The paper then presents the overall design of the lean container that incorporates a few techniques for reducing the cold start latency and to increase container creation throughput. First, when the container is being initialized, the path tree is prepared by stitching four different directories into the same directory using the fast bind mounting system call. The four directories are the base system image, the Python library packages, the function source code, and a scratch directory for temporary files. The first three directories are mapped as read-only to avoid mutating the shared files (recall that bind mounting will not perform CoW; Instead, all modifications are directly reflected on the files which can be seen by all processes). Then the root of the process is switched to the aforementioned directory using the cheap system call, chroot(). Compared with conventional container approaches of using a separate namespace and using AUFS, the lean container avoids the expensive operation of copying the mount point table as part of the namespace creation operation, as well as the AUFS and its CoW overhead.

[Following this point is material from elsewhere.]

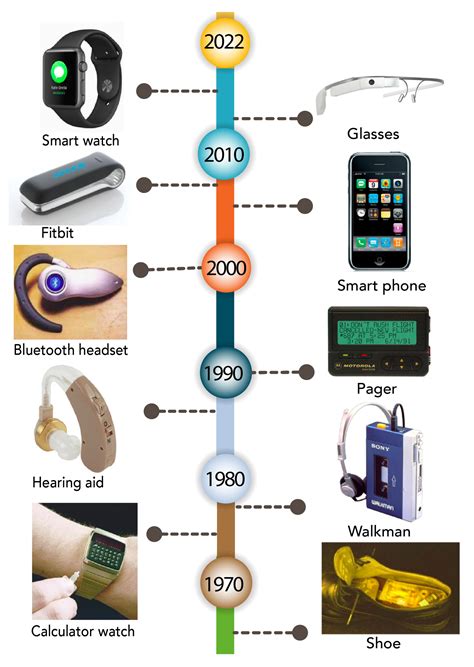 Evolution of Wearable Devices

Second, the container’s management process, which is spawned upon the container’s creation, communicates with the API gateway, which is OpenLambda, using an Unix domain socket. The domain socket is just like a regular socket that acts as a channel of communication in which data and file descriptors can be transferred (if it is a file descriptor, then permission is also automatically granted from the sender to the receiver). A big advantage of domain sockets is that they do not use port numbers for identifications. Instead, they simply use the PID, which is already unique at the system level, and hence do not need any virtualization on the port number (which, if used, is often statically bound). This way, the new namespace does not need to virtualize the file system and network resources, which have been shown to demonstrate bad performance and scalability.

Lastly, as indicated earlier, control groups are not created and destroyed for each containerized process. Instead, the OpenLambda process maintains a pool of initialized cgroups, and pass the cgroup via the domain socket to the container’s management process. When the containerized process is about to exit, the cgroup is returned to the OpenLambda gateway, which is then returned to the pool waiting for the next allocation.

Independently from the above lean container optimizations, which are mainly focused on reducing containerization costs via more flexible usages of system calls and reduced isolation, the paper also proposes an addition approach for accelerating the runtime cold start cost using Zygote containers and caching. A Zygote container is a process that has already performed library imports, and can either be immediately used for executing a function, or further import more required libraries before executing a function. Zygote processes are forked to create new instances of the containerized process, such that the new instance is already initialized, reducing the overhead of initializing a container and the language runtime to the cost of a fork() system call (although in the actual implementation, two fork() calls are required due to the “one peculiarity of setns()”). The system always maintains a base Zygote with the initialized container and no imported library. The Zygote is the most generalized one, and can be forked to executed any function after importing the dependency of the function. In addition to the base Zygote, a lineage of Zygotes with different libraries being imported are also maintained. These cached Zygotes are created when a requested is received, and there is no existing Zygote in the cache that has the dependent libraries. In this case, a new Zygote is created by first forking the closest Zygote currently in the cache (i.e., has the most required libraries, but no library that is not required, to avoid malicious libraries), and then importing the missing libraries.